= Blooming (geometry) =

Continuous unfolding of a polyhedron

Blooming of platonic solid

In the geometry of convex polyhedra, blooming or continuous blooming is a continuous three-dimensional motion of the surface of the polyhedron, cut to form a polyhedral net, from the polyhedron into a flat and non-self-overlapping placement of the net in a plane. As in rigid origami, the polygons of the net must remain individually flat throughout the motion, and are not allowed to intersect or cross through each other. A blooming, reversed to go from the flat net to a polyhedron, can be thought of intuitively as a way to fold the polyhedron from a paper net without bending the paper except at its designated creases.

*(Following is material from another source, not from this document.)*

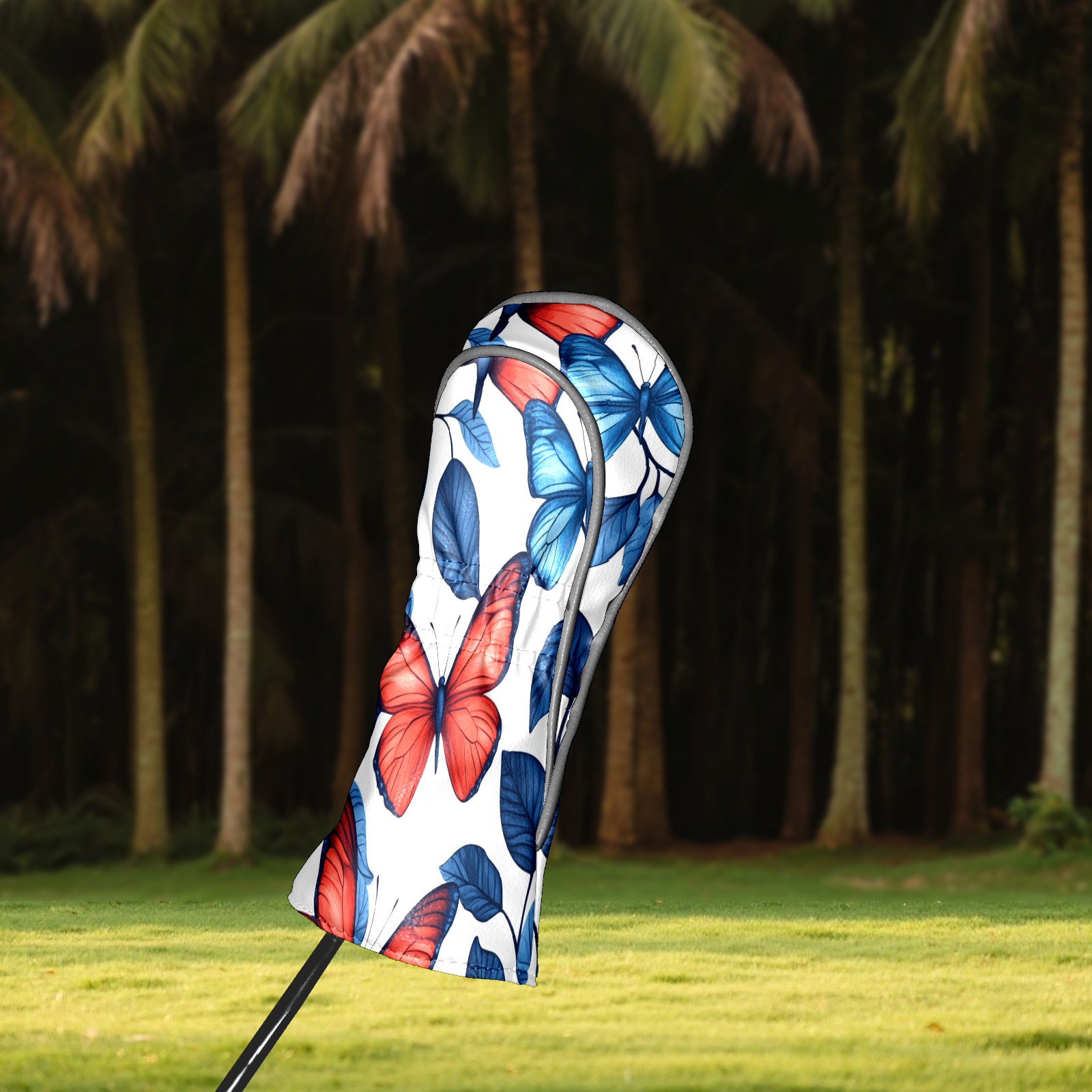 Golf Club Covers PU Leather Waterproof Head Covers for Fairway Woods Hybrids Red And Blue Butterfly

An early work on blooming by Biedl, Lubiw, and Sun from 1999 showed that some nets for non-convex but topologically spherical polyhedra have no blooming.

The question of whether every convex polyhedron admits a net with a blooming was posed by Robert Connelly, and came to be known as Connelly’s blooming conjecture. More specifically, Miller and Pak suggested in 2003 that the source unfolding, a net that cuts the polyhedral surface at points with more than one shortest geodesic to a designated source point (including cuts across faces of the polyhedron), always has a blooming. This was proven in 2009 by Demaine et al., who showed in addition that every convex polyhedral net whose polygons are connected in a single path has a blooming, and that every net can be refined to a path-connected net. It is unknown whether every net of a convex polyhedron has a blooming, and Miller and Pak were unwilling to make a conjecture in either direction on this question.

Unsolved problem in mathematics: Does every net of a convex polyhedron have a blooming?

Because it is unknown whether every convex polyhedron has a net that cuts only edges of the polyhedron, and not across its faces ("Dürer's conjecture"), it is also unknown whether every convex polyhedron has a blooming that cuts only edges. In an unpublished manuscript from 2009, Igor Pak and Rom Pinchasi have claimed that this is indeed possible for every Archimedean solid.

The problem of finding a blooming for a polyhedral net has also been approached computationally, as a problem in motion planning.